━━ Data records

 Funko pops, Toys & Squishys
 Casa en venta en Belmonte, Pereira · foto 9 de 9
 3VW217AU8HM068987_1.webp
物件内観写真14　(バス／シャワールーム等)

━━━━
━━ Data records

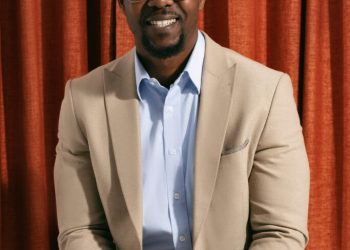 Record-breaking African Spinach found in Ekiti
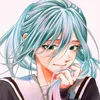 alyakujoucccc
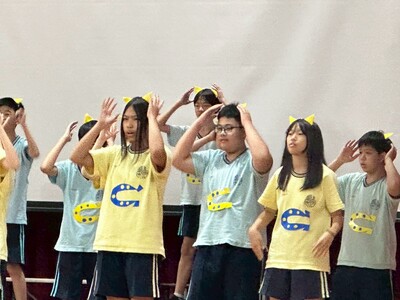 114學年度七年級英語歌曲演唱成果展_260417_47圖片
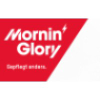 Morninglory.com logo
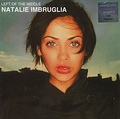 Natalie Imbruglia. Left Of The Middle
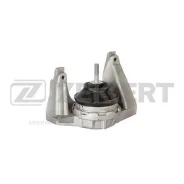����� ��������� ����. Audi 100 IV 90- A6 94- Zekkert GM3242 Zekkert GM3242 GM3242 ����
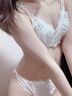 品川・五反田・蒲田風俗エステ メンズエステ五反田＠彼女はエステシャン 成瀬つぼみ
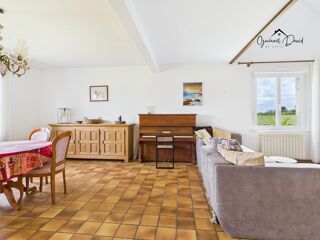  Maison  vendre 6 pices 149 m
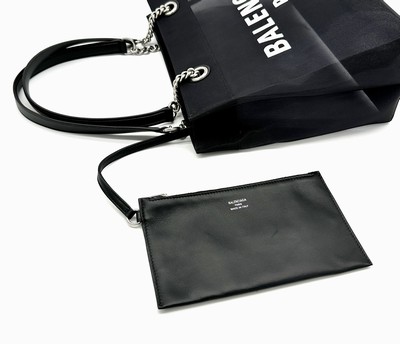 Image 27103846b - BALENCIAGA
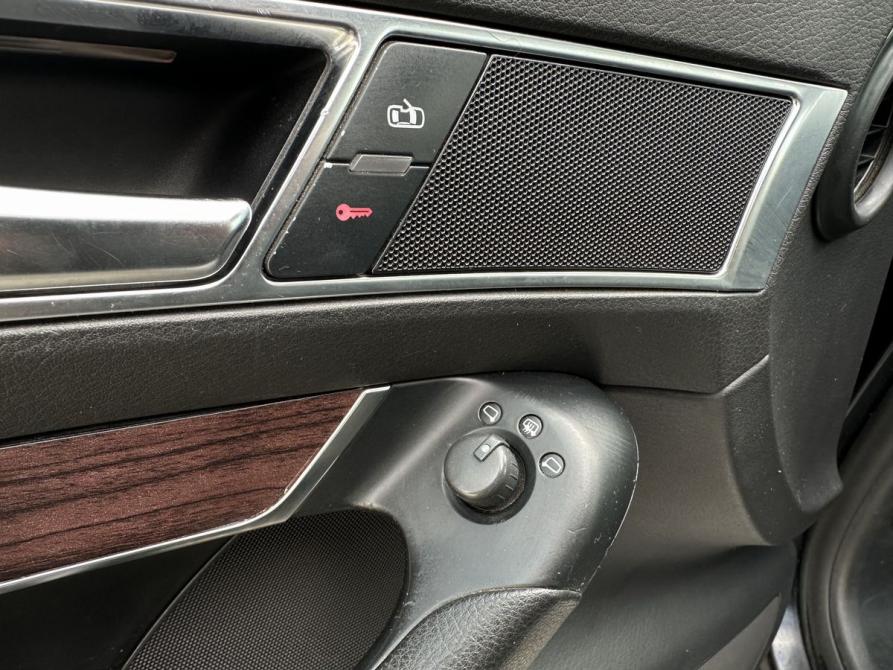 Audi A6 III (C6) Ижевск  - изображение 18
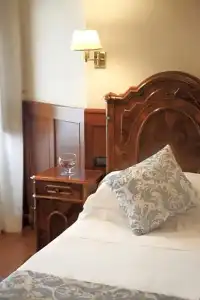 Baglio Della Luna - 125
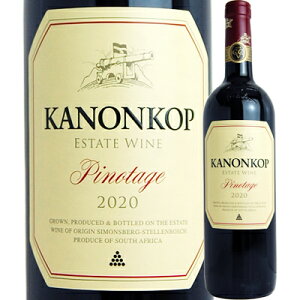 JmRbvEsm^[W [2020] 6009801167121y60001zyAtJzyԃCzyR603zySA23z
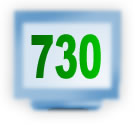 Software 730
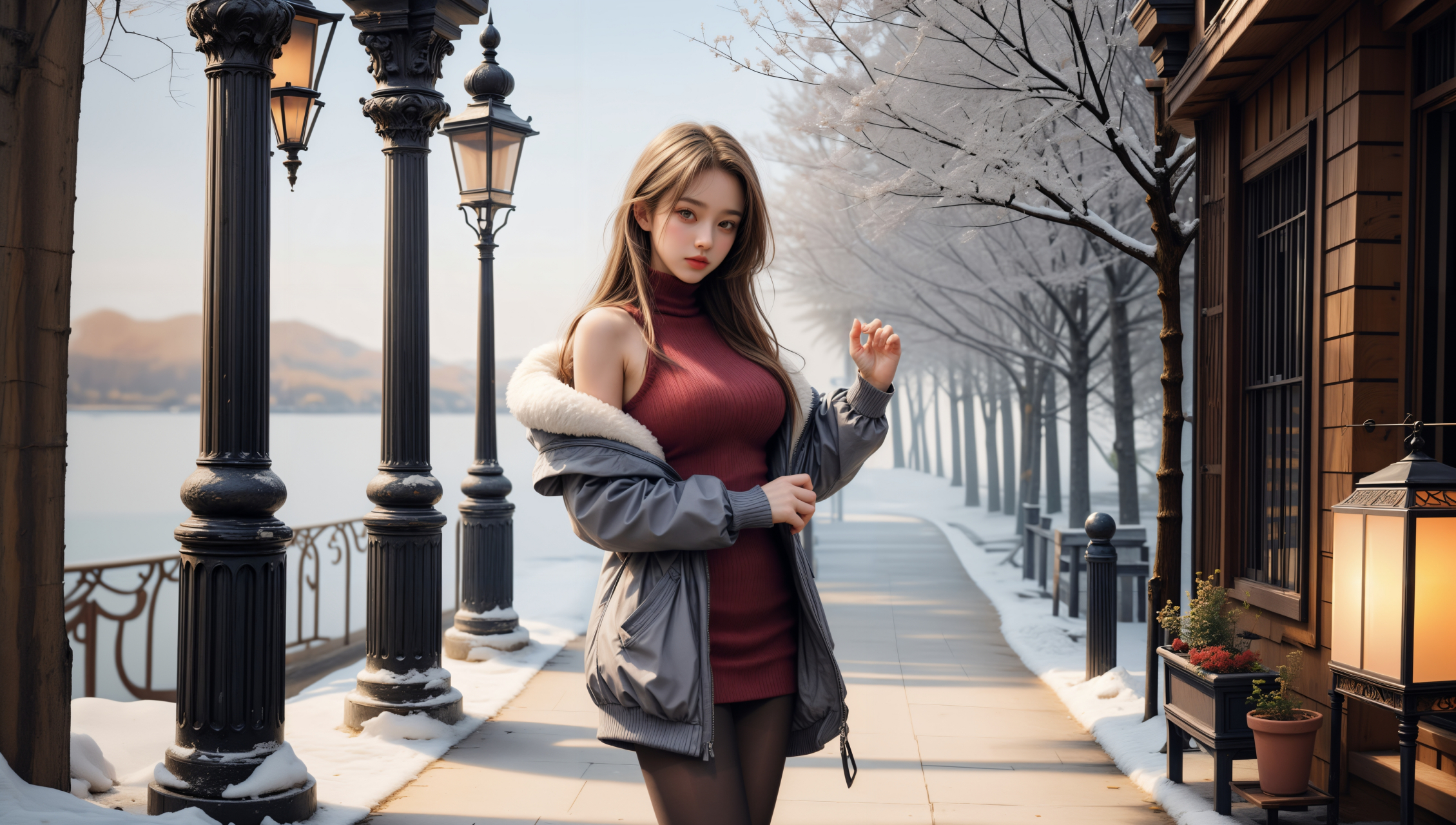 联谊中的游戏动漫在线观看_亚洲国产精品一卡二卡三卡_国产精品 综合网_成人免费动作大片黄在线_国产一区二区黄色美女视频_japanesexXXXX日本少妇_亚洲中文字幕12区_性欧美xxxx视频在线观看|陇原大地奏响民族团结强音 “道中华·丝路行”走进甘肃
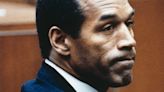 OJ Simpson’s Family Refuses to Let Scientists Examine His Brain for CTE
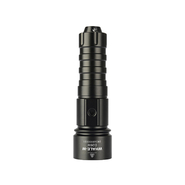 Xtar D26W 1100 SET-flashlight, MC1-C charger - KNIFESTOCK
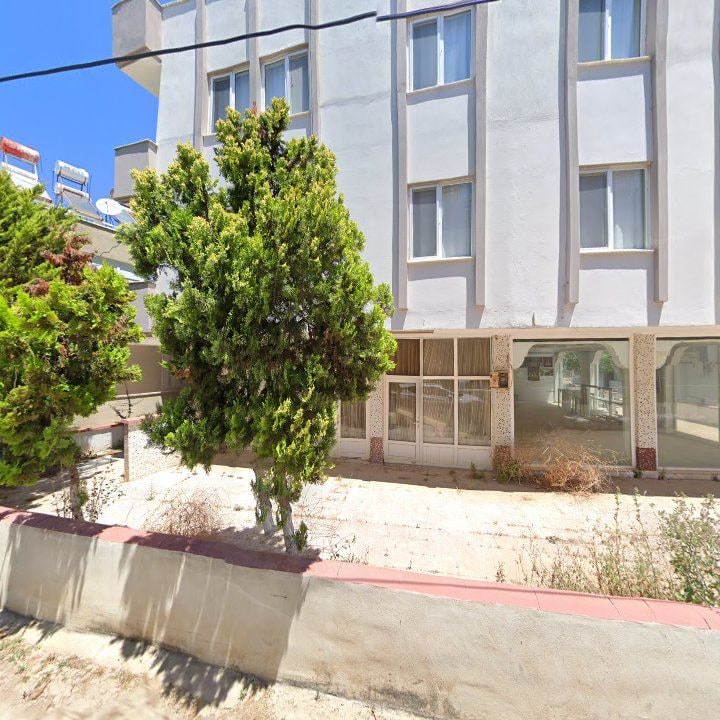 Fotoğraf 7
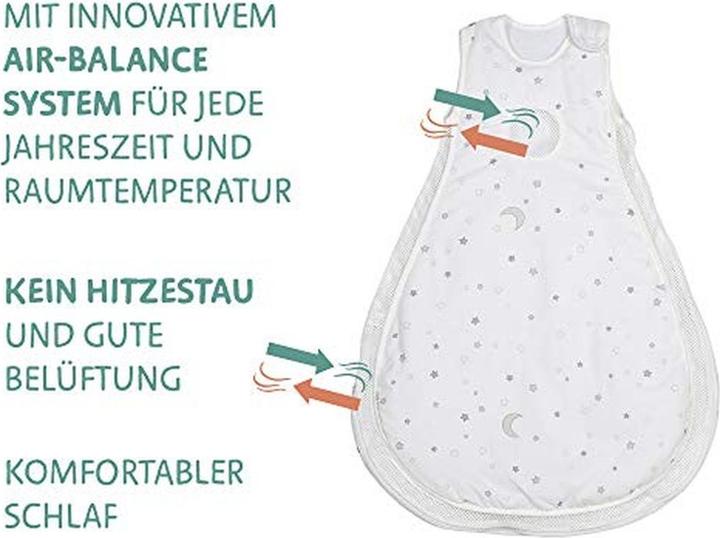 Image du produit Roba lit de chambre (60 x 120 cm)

━━━━

» **Instructions for the task**
Each line in the entries above, starting at the line with "Funko pops, Toys & Squishys" and ending at the line with "物件内観写真14　(バス／シャワールーム等)", is to be printed exactly, and only those lines.

» **Response below**
 Funko pops, Toys & Squishys
 Casa en venta en Belmonte, Pereira · foto 9 de 9
 3VW217AU8HM068987_1.webp
物件内観写真14　(バス／シャワールーム等)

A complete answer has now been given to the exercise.